A panel of two influential former grocery CEOs—and an up-and-coming third—agree on the potential for the industry to realize long-term benefits as a result of consumer behavior changes during the global coronavirus pandemic. But their optimism comes with caveats related to the pace of change grocers themselves need to make to fully realize them.
Walter Robb
“This COVID throws a curveball every day, and it’s requiring grocers to adapt to that situation, whether it’s inventory levels with SKU rationalization, whether it’s to help the workers with the health factors, the fact that there’s fewer trips, all these things,” said Walter Robb, the former Whole Foods Markets co-CEO, speaking in an online panel discussion this week. “It’s highlighted that, and puts the food system square in the middle of the lights in terms of what’s good and what’s not so good.

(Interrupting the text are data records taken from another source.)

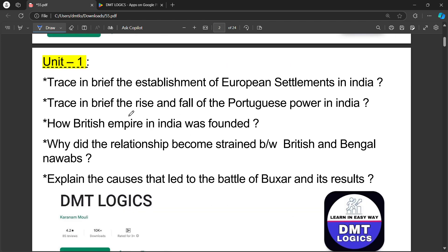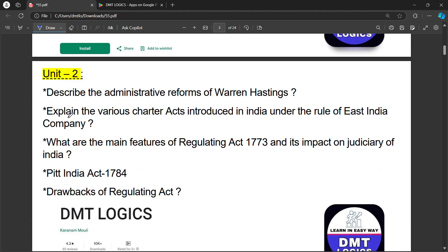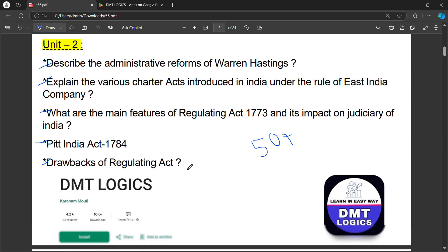In this class, we will discuss 25 questions in the unit.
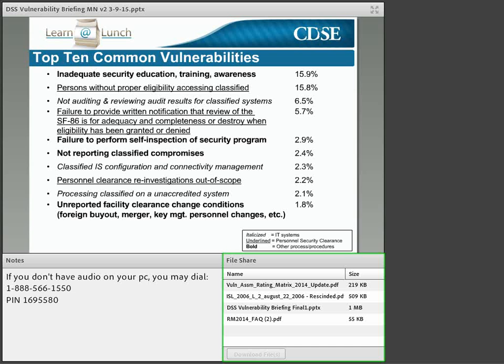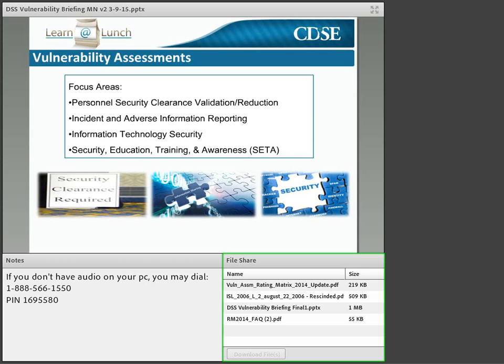DSS tracks vulnerabilities every year to identify trends and develop focus areas. For 2015, DSS is focusing on four specific areas during the Security Vulnerability Assessment: personnel security, incident reporting including adverse information and culpability reporting, oversight of classified computer systems, and security education and training. These focus areas directly relate to the vulnerability identification trends previously discussed.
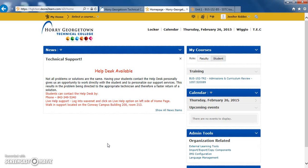Hello, HGTC students. Today we are going to review the content tool in your D2L. The content tool is where you'll find most of your course material needed in the class. This may include syllabus, lecture notes, readings, PowerPoint presentations, study notes, website links, and more.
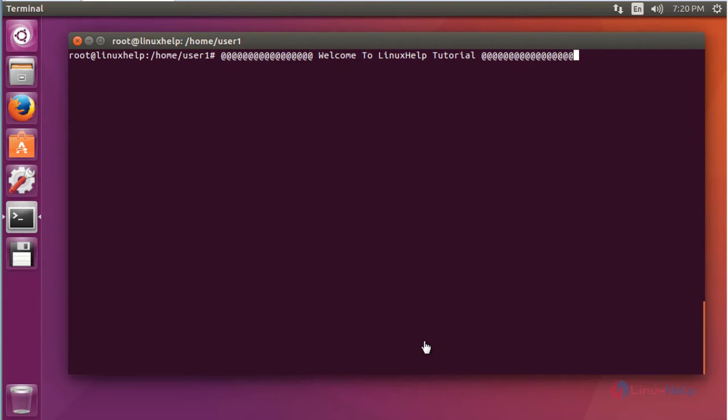Hello everybody. Welcome to Linux Help Tutorial. Today I am going to show how to install Terminix Terminal Emulator in Ubuntu 16.04 machine.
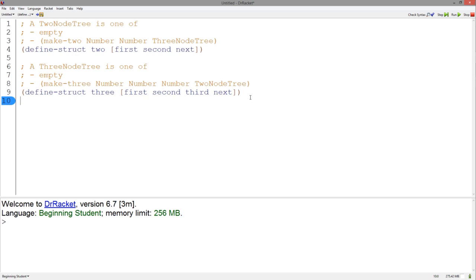We can represent this with two structures: a two structure and a three structure. Notice how the two node tree data definition refers to the three node tree, and the three node tree data definition refers back to the two node tree data definition.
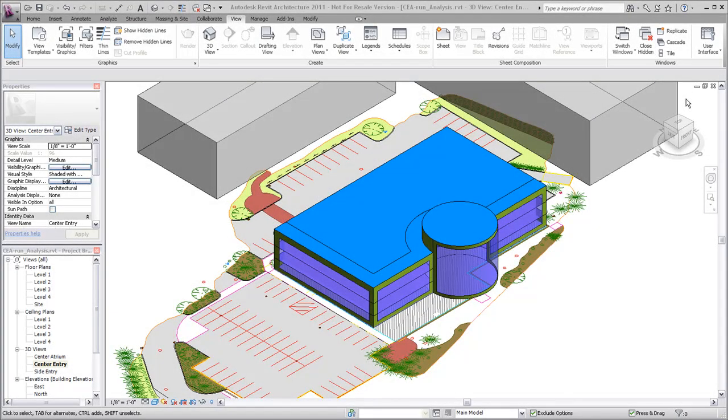Once an energy model is created in Revit, the model can be submitted for analysis. The analysis is performed on remote servers, so you can continue to work during the analysis process.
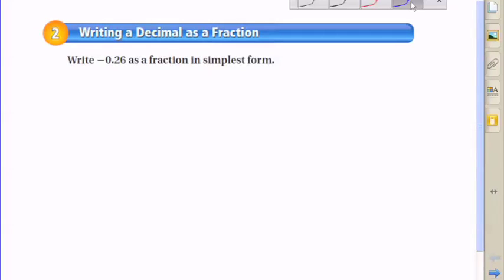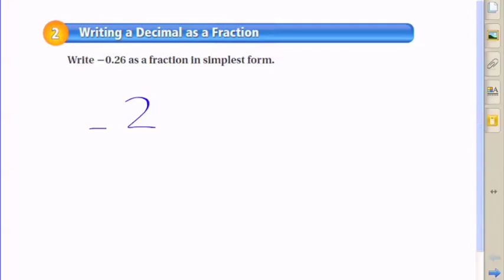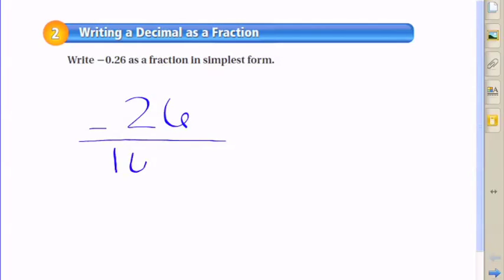Okay, so this time we're going to go the other way and write a decimal as a fraction. In this example, we're asked to write negative 0.26 as a fraction in simplest form.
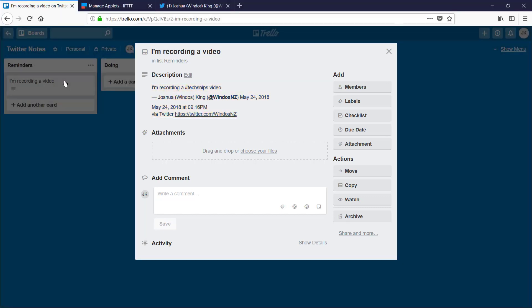So the formula for creating integrations between Trello and other services are generally the same as this. That's been integrating Trello with other services using If This Then That. Thank you for watching.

And I think grocers have done a fantastic job. I think we realize just how essential the food system is, and what the things are that we need to work on.”
James McCann
The panel, organized by the retail technology investor XRC Labs and R5 Capital, the economic consumer research firm, also featured remarks from former Tesco and Ahold USA CEO James McCann, who today runs a retail investment firm, and Pradeep Elankumaran, the technologist who founded the upstart internet grocer Farmstead. The panelists agreed generally on the profundity of the abrupt shift of hundreds of millions in food spending from the restaurant to the retail channels that came with the imposition of national stay-at-home orders in March and new shopping habits that have emerged from it—a notion backed up by consumer data presented during the event by R5’s founder and managing partner, Scott Mushkin.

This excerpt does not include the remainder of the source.